TASK REQUIREMENTS: Pictures aside, repeat all the entries below exactly as they appear.

==========

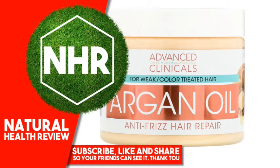Advanced Clinicals Argan Oil Anti-Frizz Hair Repair, 12 fluid ounces, 355 milliliters. Product Overview: Visible results after day 1. Restores smooth, shiny hair with vitamin E and hyaluronic acid. Restores hydration to dull, frizzy hair with nourishing coconut oil, plus hyaluronic acid, plus pomegranate, plus coconut oil for weak, color-treated hair. DA free, paraben free, sulfate free, no animal testing, 100% vegan.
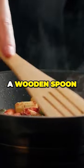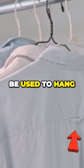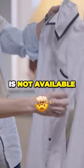Did you know this hole can also be used for hanging a wooden spoon to keep your countertops clean? That loop on the back of your shirt should be used to hang your shirt on a hook, preventing wrinkles when a hanger is not available.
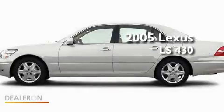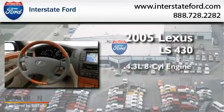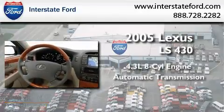This is a 2005 Lexus LS430. It features a 4.4 liter, 8-cylinder engine and an automatic transmission.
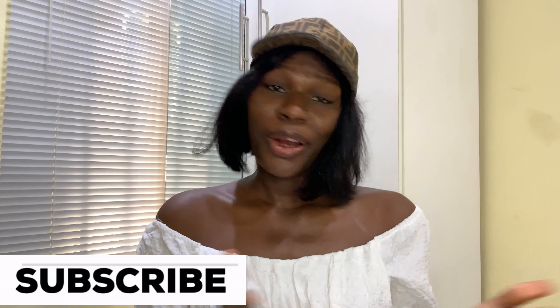Before I forget, my name is Tracy. If you are new to the family, please subscribe and join. I don't want to waste much of your time, so let's just get right into this video. We are going to start with products for the face first.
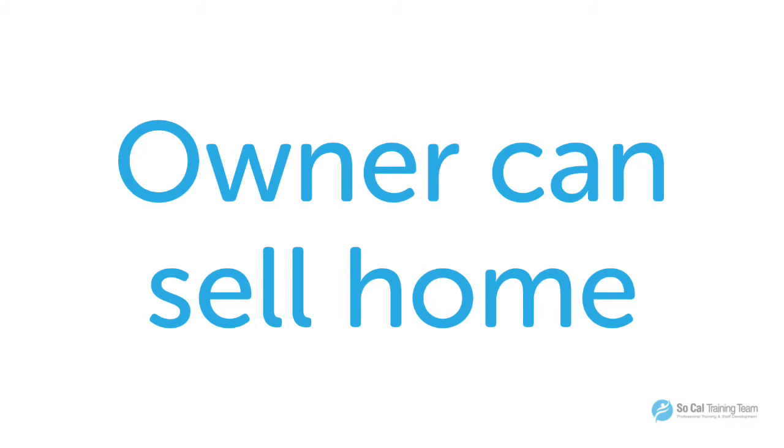One of the downsides of leasing a property is that the owner at any time can decide they want to sell the home. If you're not ready to purchase that home from the owner, then it puts you in a bad situation. You have to move and locate another home in order to continue operating your facility.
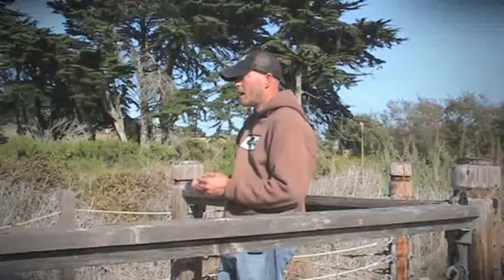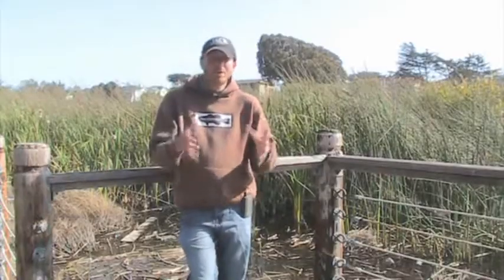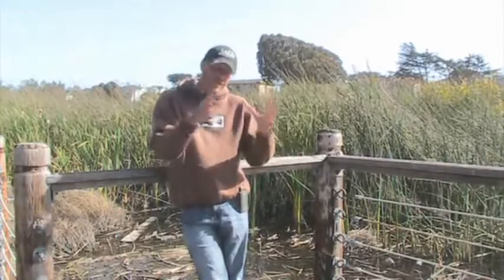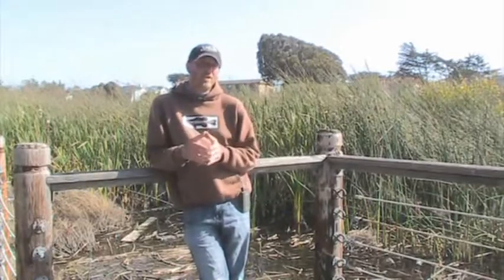Bandit just came out with two really good bluegill-looking crankbaits, so you might want to check that out if you want to give this pattern a try. The bluegill is a forgotten bait fish, and it is actually a very good bait fish, but it's situational.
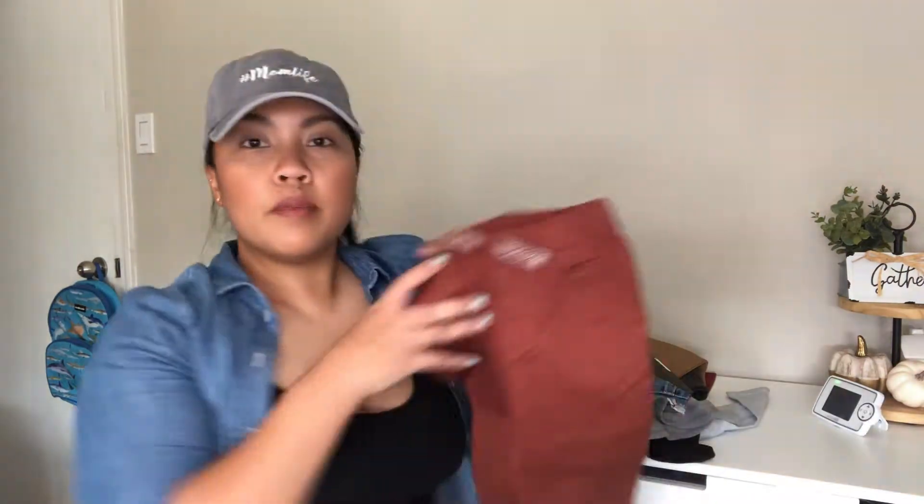Hey guys, welcome back to my channel. Today we are going to do a toddler boy clothing haul, fall edition. I went to Old Navy, Ross, and Target. I just want to say that I didn't get all of these in one day — it was over the course of maybe two to three months. But let's just get started. We'll start off with Target.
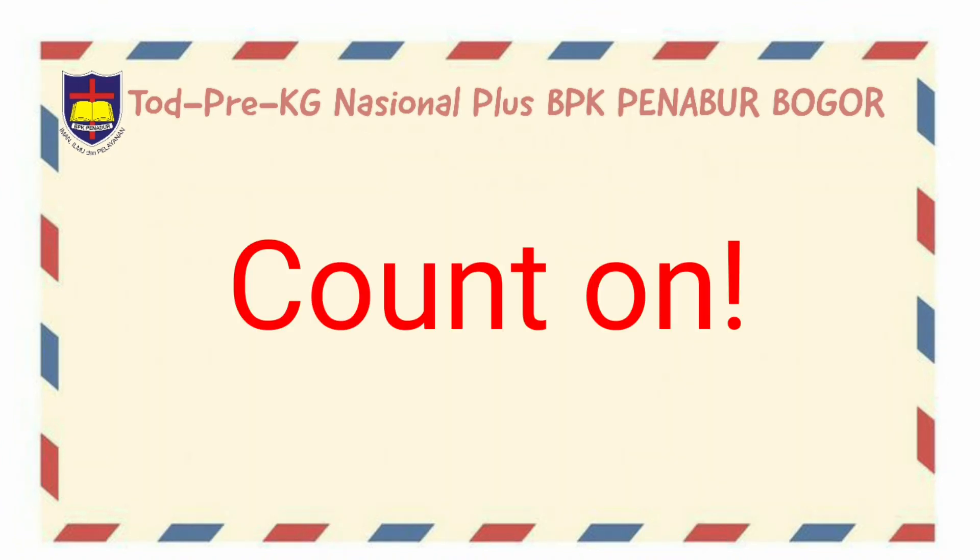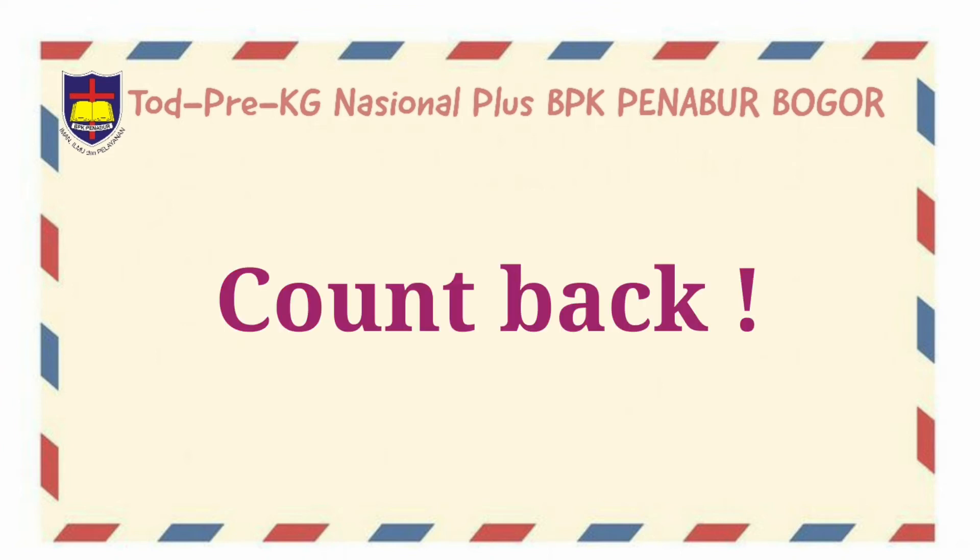Good job! You already mentioned number 1 until 10. That means you can already count forward. Now I want you to count back from 10 until 1.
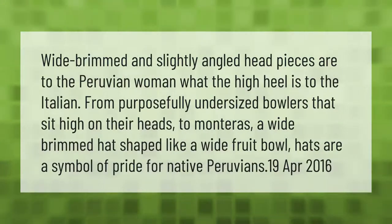Wide-brimmed and slightly angled headpieces are to the Peruvian woman what the high heel is to the Italian. From purposefully undersized bowlers that sit high on their heads to mentiras — a wide-brimmed hat shaped like a wide fruit bowl — hats are a symbol of pride for native Peruvians. 19 April 2016.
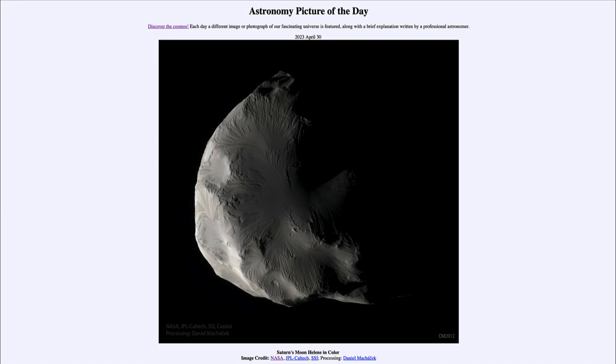That was our picture of the day for April 30th of 2023, titled 'Saturn's Moon Helene in Color.' We'll be back again tomorrow for the next picture, which is previewed to be stars with colors. Until then, have a great day everyone, and I will see you in class.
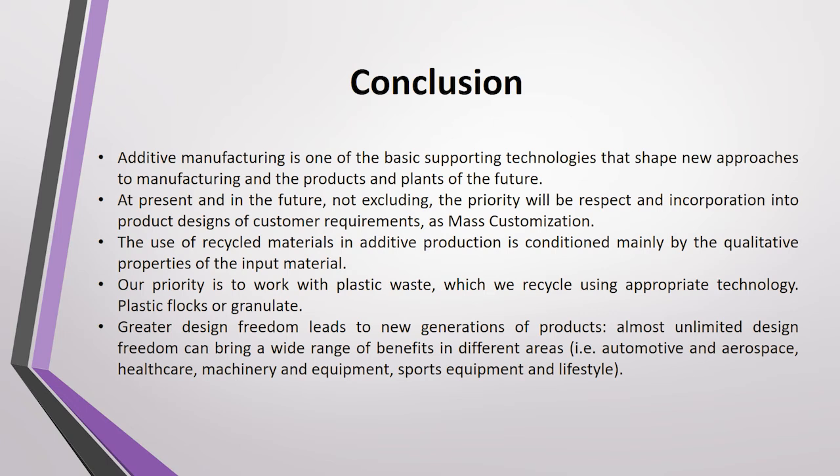Our priority is to work with plastic waste which we recycle using appropriate technology such as plastic flakes or granulates. Greater design freedom leads to a new generation of products — almost unlimited design freedom can bring a wide range of benefits in different areas like the automotive and aerospace industries, healthcare, machinery equipment, sports equipment, and lifestyle.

==========

EXPECTED OUTPUT:
Advanced Clinicals Argan Oil Anti-Frizz Hair Repair, 12 fluid ounces, 355 milliliters. Product Overview: Visible results after day 1. Restores smooth, shiny hair with vitamin E and hyaluronic acid. Restores hydration to dull, frizzy hair with nourishing coconut oil, plus hyaluronic acid, plus pomegranate, plus coconut oil for weak, color-treated hair. DA free, paraben free, sulfate free, no animal testing, 100% vegan.
Did you know this hole can also be used for hanging a wooden spoon to keep your countertops clean? That loop on the back of your shirt should be used to hang your shirt on a hook, preventing wrinkles when a hanger is not available.
This is a 2005 Lexus LS430. It features a 4.4 liter, 8-cylinder engine and an automatic transmission.
Before I forget, my name is Tracy. If you are new to the family, please subscribe and join. I don't want to waste much of your time, so let's just get right into this video. We are going to start with products for the face first.
One of the downsides of leasing a property is that the owner at any time can decide they want to sell the home. If you're not ready to purchase that home from the owner, then it puts you in a bad situation. You have to move and locate another home in order to continue operating your facility.
Bandit just came out with two really good bluegill-looking crankbaits, so you might want to check that out if you want to give this pattern a try. The bluegill is a forgotten bait fish, and it is actually a very good bait fish, but it's situational.
Hey guys, welcome back to my channel. Today we are going to do a toddler boy clothing haul, fall edition. I went to Old Navy, Ross, and Target. I just want to say that I didn't get all of these in one day — it was over the course of maybe two to three months. But let's just get started. We'll start off with Target.
Good job! You already mentioned number 1 until 10. That means you can already count forward. Now I want you to count back from 10 until 1.
Wide-brimmed and slightly angled headpieces are to the Peruvian woman what the high heel is to the Italian. From purposefully undersized bowlers that sit high on their heads to mentiras — a wide-brimmed hat shaped like a wide fruit bowl — hats are a symbol of pride for native Peruvians. 19 April 2016.
That was our picture of the day for April 30th of 2023, titled 'Saturn's Moon Helene in Color.' We'll be back again tomorrow for the next picture, which is previewed to be stars with colors. Until then, have a great day everyone, and I will see you in class.
Our priority is to work with plastic waste which we recycle using appropriate technology such as plastic flakes or granulates. Greater design freedom leads to a new generation of products — almost unlimited design freedom can bring a wide range of benefits in different areas like the automotive and aerospace industries, healthcare, machinery equipment, sports equipment, and lifestyle.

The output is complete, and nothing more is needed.